Sixty-seven subjects were withdrawn from the studies due to significant reactions or intercurrent events. The authors report that there were no life-threatening immediate anaphylactic type reactions 1 hour after vaccination. One volunteer experienced urticarial rash after the fourth dose of 1200 µg of the V3 peptide preparation, which resolved with antihistamines.
Significant local and systemic reactions did not differ between recipients of envelope protein/peptide vaccines versus those of the control groups. The authors report that "most, if not all, of the reactogenicity observed to date has been associated with the adjuvant component of the vaccine preparations rather than the HIV-1 antigens". Three adjuvants, aluminium hydroxide, MTP-PE and QS21, were associated with moderate or severe acute local injection site reactions. Aluminium hydroxide was associated with moderate to severe pain and tenderness which was self-limiting, as well as vasovagal reactions in four subjects. Two subjects withdrew due to the discomfort associated with the aluminium hydroxide vaccine. MTP-PE, according to the authors, is a synthetic lipophilic derivative of a naturally occurring compound muramyl dipeptide, administered in an oil and water emulsion. MTP-PE was associated with severe local and systemic reactions in over 80% of subjects. Systemic reactions included febrile, flu-like syndrome. The authors report that all reactions were self-limited, requiring symptomatic treatment, and resolved within 24 –72 hours. Four subjects dropped out due to reactions related to MTP-PE. QS21 is a compound derived from the soapbark tree, Quillaja saponaria, and was associated with moderate to severe local pain/tenderness, which resolved within minutes to a few hours after injection. QS21 was also associated with moderate to severe erythema and induration. No volunteers withdrew from the QS21 studies. Intramuscular administration of canarypox gp160 was associated with low level acute reactogenicity. No acute complications related to scarification of vaccinia gp160 were observed.

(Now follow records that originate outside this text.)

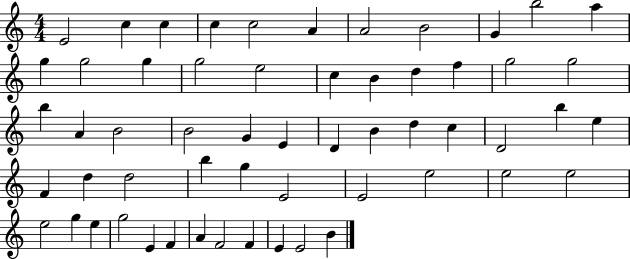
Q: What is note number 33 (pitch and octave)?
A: D4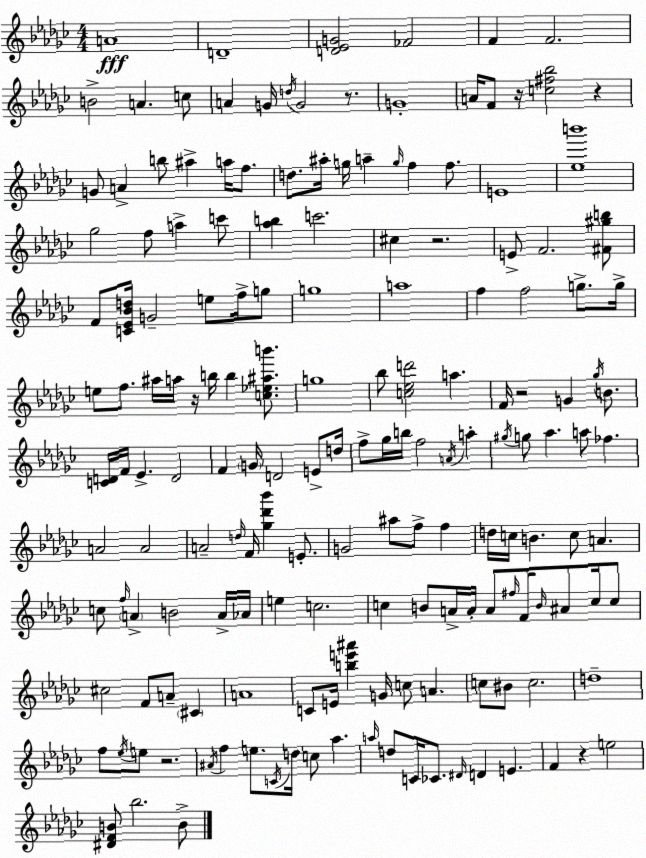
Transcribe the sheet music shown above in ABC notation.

X:1
T:Untitled
M:4/4
L:1/4
K:Ebm
A4 D4 [D_EG]2 _F2 F F2 B2 A c/2 A G/4 d/4 G2 z/2 G4 A/4 F/2 z/4 [c^f_b]2 z G/2 A b/2 ^a a/4 f/2 d/2 ^a/4 g/4 a g/4 f f/2 E4 [_eb']4 _g2 f/2 a c'/2 [_ab] c'2 ^c z2 E/2 F2 [^F^gb]/2 F/2 [C_E_Bd]/4 G2 e/2 f/4 g/2 g4 a4 f f2 g/2 g/4 e/2 f/2 ^a/4 a/4 z/4 b/4 b [c_e^ab']/2 g4 _b/2 [c_ed']2 a F/4 z2 G _g/4 B/2 [CD]/4 F/4 _E D2 F G/4 D2 E/2 d/4 f/2 _g/4 b/4 f2 A/4 a ^g/4 g/2 _a a/2 _f A2 A2 A2 d/4 F/4 [_g_d'_b'] E/2 G2 ^a/2 f/2 f d/4 c/4 B c/2 A c/2 f/4 A B2 A/4 _A/4 e c2 c B/2 A/4 A/4 A/2 ^f/4 F/4 B/4 ^A/2 c/4 c/2 ^c2 F/2 A/2 ^C A4 C/2 E/4 [be'^a'] G/4 c/2 A c/2 ^B/2 c2 d4 f/2 _e/4 e/2 z2 ^A/4 f e/2 C/4 d/4 c/2 _a a/4 d/2 C/4 _C/2 ^D/4 D E F z e2 [^DFB]/2 _b2 B/2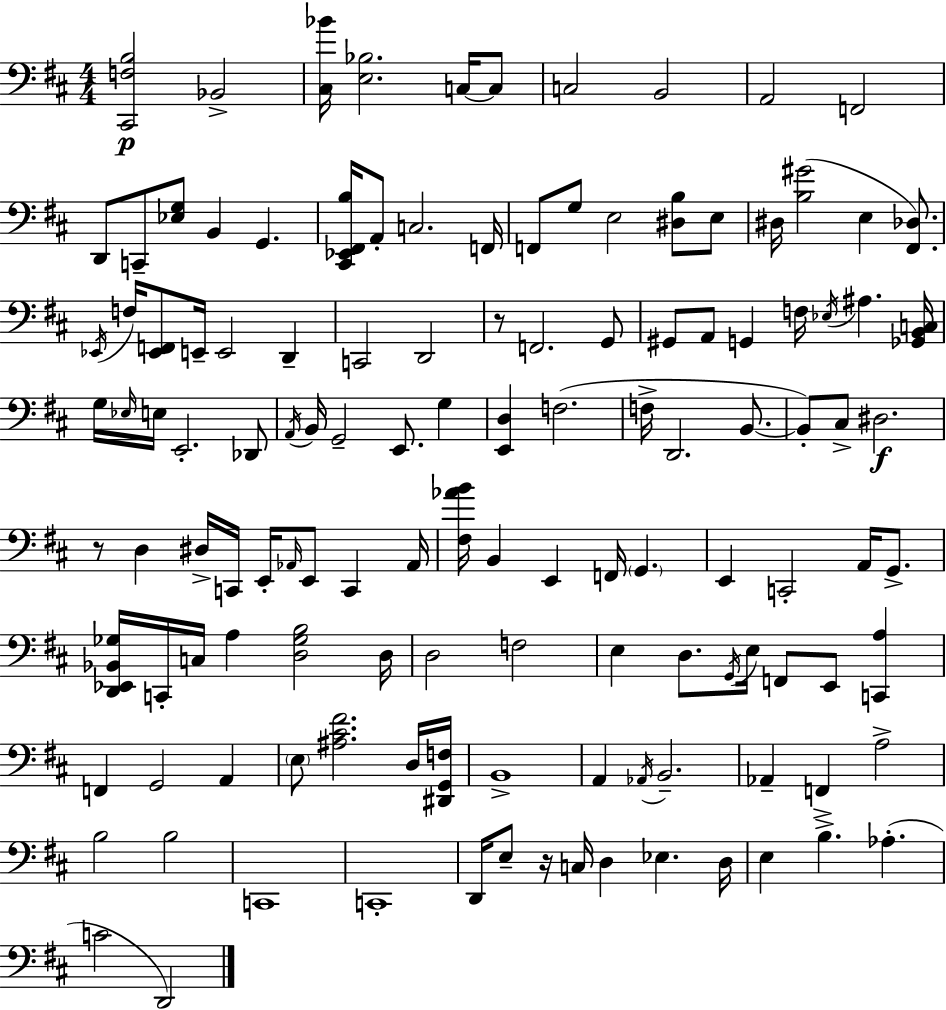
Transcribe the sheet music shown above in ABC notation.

X:1
T:Untitled
M:4/4
L:1/4
K:D
[^C,,F,B,]2 _B,,2 [^C,_B]/4 [E,_B,]2 C,/4 C,/2 C,2 B,,2 A,,2 F,,2 D,,/2 C,,/2 [_E,G,]/2 B,, G,, [^C,,_E,,^F,,B,]/4 A,,/2 C,2 F,,/4 F,,/2 G,/2 E,2 [^D,B,]/2 E,/2 ^D,/4 [B,^G]2 E, [^F,,_D,]/2 _E,,/4 F,/4 [_E,,F,,]/2 E,,/4 E,,2 D,, C,,2 D,,2 z/2 F,,2 G,,/2 ^G,,/2 A,,/2 G,, F,/4 _E,/4 ^A, [_G,,B,,C,]/4 G,/4 _E,/4 E,/4 E,,2 _D,,/2 A,,/4 B,,/4 G,,2 E,,/2 G, [E,,D,] F,2 F,/4 D,,2 B,,/2 B,,/2 ^C,/2 ^D,2 z/2 D, ^D,/4 C,,/4 E,,/4 _A,,/4 E,,/2 C,, _A,,/4 [^F,_AB]/4 B,, E,, F,,/4 G,, E,, C,,2 A,,/4 G,,/2 [D,,_E,,_B,,_G,]/4 C,,/4 C,/4 A, [D,_G,B,]2 D,/4 D,2 F,2 E, D,/2 G,,/4 E,/4 F,,/2 E,,/2 [C,,A,] F,, G,,2 A,, E,/2 [^A,^C^F]2 D,/4 [^D,,G,,F,]/4 B,,4 A,, _A,,/4 B,,2 _A,, F,, A,2 B,2 B,2 C,,4 C,,4 D,,/4 E,/2 z/4 C,/4 D, _E, D,/4 E, B, _A, C2 D,,2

No significant changes in haematological, hepatic or renal function were observed when compared with controls. Two subjects experienced self-limited haemolytic anaemia. One after receiving 100 µg of V3 peptide vaccine, and the other after the fourth injection of a control preparation containing aluminium. Association with vaccination could not be absolutely excluded. Five volunteers experienced asymptomatic, transient thrombocytopenia and a relationship to vaccination was unclear. Transient elevations of creatine kinase were observed in some groups receiving several different adjuvants; however, any association with vaccination was unclear and the authors report that it was most likely to be due to strenuous physical activity. Eleven subjects receiving experimental HIV vaccine and two subjects receiving control preparations had an unexplained decline in CD4 lymphocyte number (<300 cells/µl). One subject developed absolute lymphopenia within 1 year of receiving her fourth dose of 600 µg of rgp120 in aluminium. Intercurrent HIV infection was ruled out and a relationship to the vaccine was unclear.
The authors observed no unusual difference in the incidence of serious infection between experimental and control subjects. Six volunteers experienced new dermatological manifestations, including localized herpes zoster, pruritic maculopapular rashes (placebo with aluminium adjuvant) and non-pruritic papular rash with arthralgias, malaise and fatigue (rgp160 in aluminium plus Immuno-AG). Two subjects experienced rheumatological manifestations including progressive stiffening of the joints (rgp120). Ten subjects receiving experimental vaccines and one receiving a control developed malignant or pre-malignant tumors. One subject developed synovial cell sarcoma (vaccinia gp160 and boosted with gp160 in alum) and another developed desmoplastic small round cell tumour (rgp120 in MF59).
The authors collected data on 16 pregnancies in women who received one to six injections before becoming pregnant. Six pregnancies resulted in normal spontaneous deliveries of healthy infants, four pregnancies resulted in early trimester spontaneous abortions, and five pregnancies resulted in elective abortions. No congenital malformations were reported.
Intercurrent HIV-1 infections were identified in 16 subjects receiving experimental vaccines and four who were receiving the placebo. The authors report, "at this time there are no apparent differences in the development of immune deficiency and disease in the experimental subjects who became infected after vaccination and other cohorts of infected individuals".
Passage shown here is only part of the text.